Concealed carriers are all dumb amateurs. Check.

We’re putting (students) in volatile situations with alcohol and hormones.” –  State Rep. Virgil Fludd, D-Tyrone

Kids will get drunk and start shooting each other. Check.

You have people who walk around and they become vigilantes. Someone can be upset with someone and they immediately pull out the weapon, so the police force becomes ineffective.  You also have people who show up to campus who are up to no good, who now know that people are now carrying, who shoot first and ask questions later.” – Clark Atlanta University President Ronald Johnson

Shoot first/blood in the streets/OK Corral histrionics. Check.

Not to be outdone by the politicians, Moms Demand Action had to get into the fray.

When we’re talking about even 21 year old kids, there’s issues with academic pressure, with drug use, alcohol abuse and putting kids in that type of situation and allowing guns is not a common sense law.” – Lindsey Donovan, MDA Chapter Leader.

Nothing more than a rehashing of same BS, but at least she got the age thing right.

The bill gets elevated and the governor steps up to the plate.  What did he say?

We heard all the hype that we’re now hearing about campus carry, all the predictions of tragedies. All the predictions that we were going to open our state up to a Wild West scenario.  Those earlier fears don’t appear to have come true.  So, therefore, to use those kind of arguments with the campus carry discussion, I think lacks validity.” – Governor Nathaniel Deal

BOOM!  Mic drop!  I don’t know anything about any of his other positions, but on concealed carry, the man does not lie.

I’ve visited Georgia Tech and other big state schools (U Penn, UF, etc.) .  They are so integrated into the cities they are in, sometimes it’s impossible to tell you’ve walked into campus.  Why should someone who is licensed to carry a gun in downtown Atlanta suddenly find him/herself in violation of the law by crossing a street and finding him/herself on campus?  This is as illogical as the rationale behind gun free zones, that the difference between safety and danger in an arbitrary and invisible line in the ground.

What additional risk does this place on students?  None, and it seems like the Governor gets that.  In regard to those engaged in what-if hand-wringing, the governor’s repose was “I think they should be concerned about making sure that those students are taught and educated.  That’s their responsibility.
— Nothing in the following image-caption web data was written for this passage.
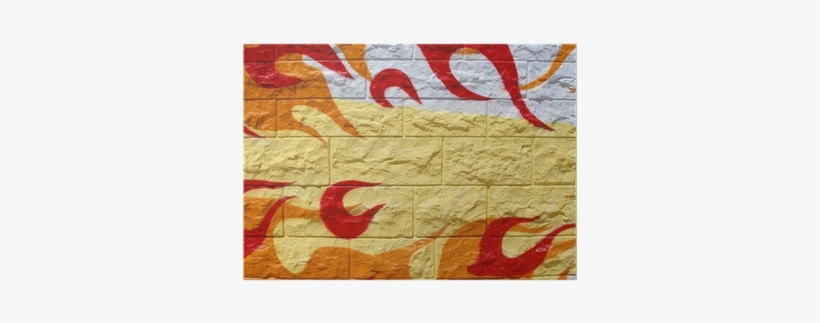 Colorful Graffiti Of Red And Orange Fire Flames Poster - Grafite Fogo, transparent png download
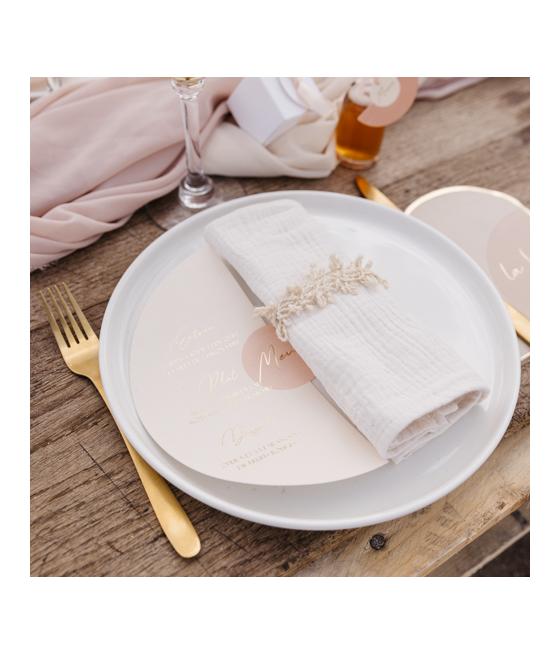 Ruban Ethnique Jute Ivoire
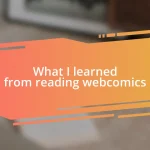 What I learned from reading webcomics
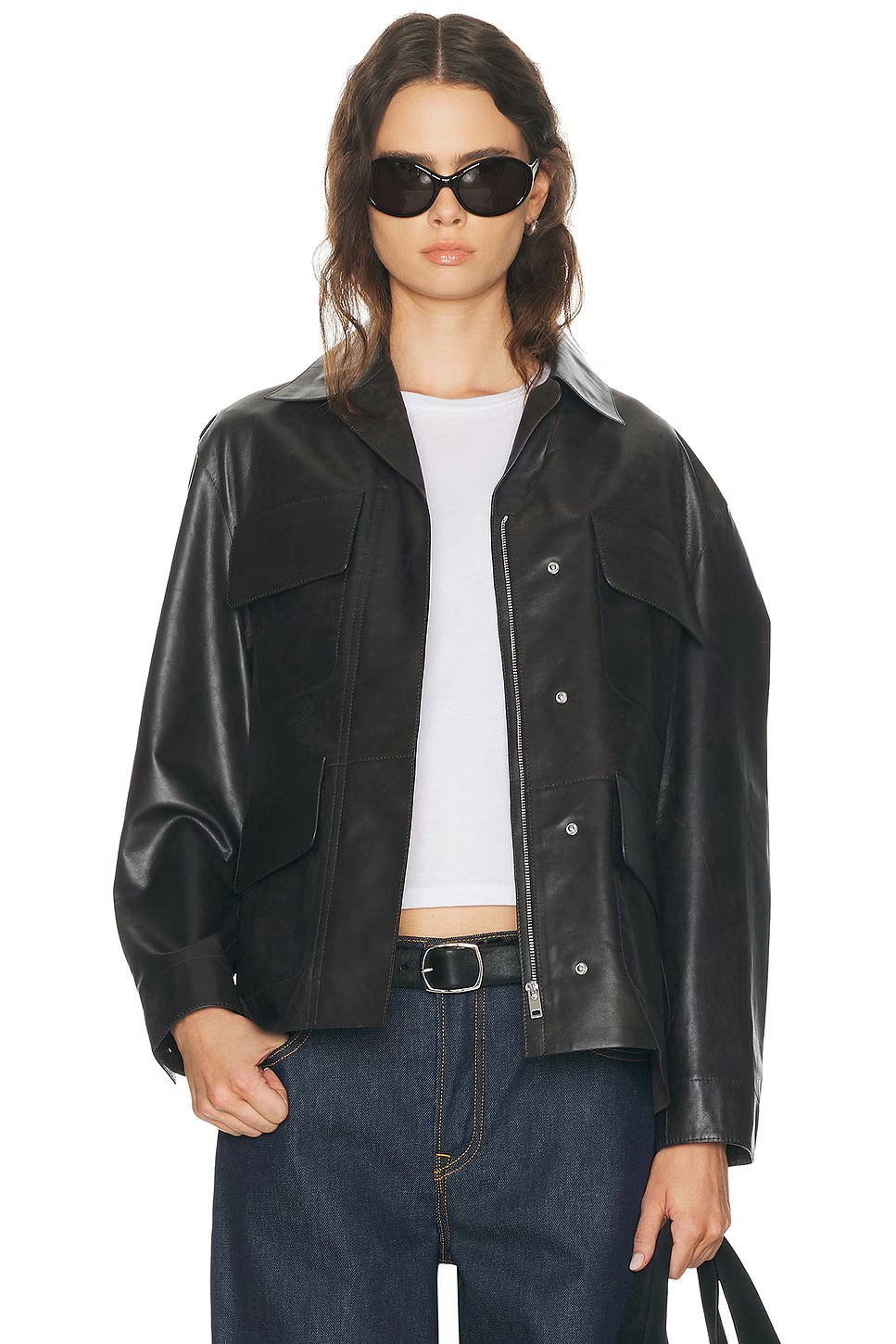 GRLFRND, Dara Leather Jacket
The law will take care of the rest of it.”  Well said governor.

Sorry Vox, you may want to try again.

 

Rather, countries passed big packages of gun laws, which overhauled the nation’s firearm code fairly broadly, which all tended to share similar features. According to Santaella-Tenorio, they generally included:
Banning “weapons that are actually very powerful,” like automatic weapons.
“They all implemented background checks.”
“They all required permits and licenses for purchasing guns.”
South Africa’s comprehensive Firearm Control Act, passed in 2000, contained all these measures. One study found that firearm homicides in five major South African cities decreased by 13.6 percent per year for the next five years. “Reductions in nonfirearm homicides were also observed,” Santaella-Tenorio et al. note, “although not as pronounced as the ones observed for firearm homicides.”
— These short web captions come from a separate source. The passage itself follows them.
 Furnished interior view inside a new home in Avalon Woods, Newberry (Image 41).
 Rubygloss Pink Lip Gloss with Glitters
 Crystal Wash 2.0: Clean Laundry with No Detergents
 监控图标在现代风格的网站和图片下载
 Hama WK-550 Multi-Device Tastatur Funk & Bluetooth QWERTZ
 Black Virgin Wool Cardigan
Source: A huge international study of gun control finds strong evidence that it actually works – Vox

  1. The homicide rate in South Africa did not begin to go down in 2000 but in 1995. And The rates have been going up again since 2012.
  2. If Gun Control is your objective, something weird happened in South Africa: “As Masuku points out, the graph below shows that “murder decreased by 18% in the past seven years and by 2% in the past 12 months” (p.19. FOR BETTER AND FOR WORSE: South African crime trends in 2002). This decrease needs to be considered critically. Masuku points out that “it is unusual for murder rates to decline while other forms of violent crime are increasing, and this trend is particularly striking because the percentage of murders committed with a firearm has increased.
  3. While it is true the South Africa’s murder rate halved between 1994 and 2014, the same thing happened with the US during the same period but with a much higher percentage of guns on private hands and overall liberalization of gun laws across the nation.

Sorry Skippy. Your study just won’t wash. Do you know what reduces violent crime? Going after violent offenders. My guns are behaving quite well and you do not need to go after them.

Mind your own business, thank you.

Goodness Gracious !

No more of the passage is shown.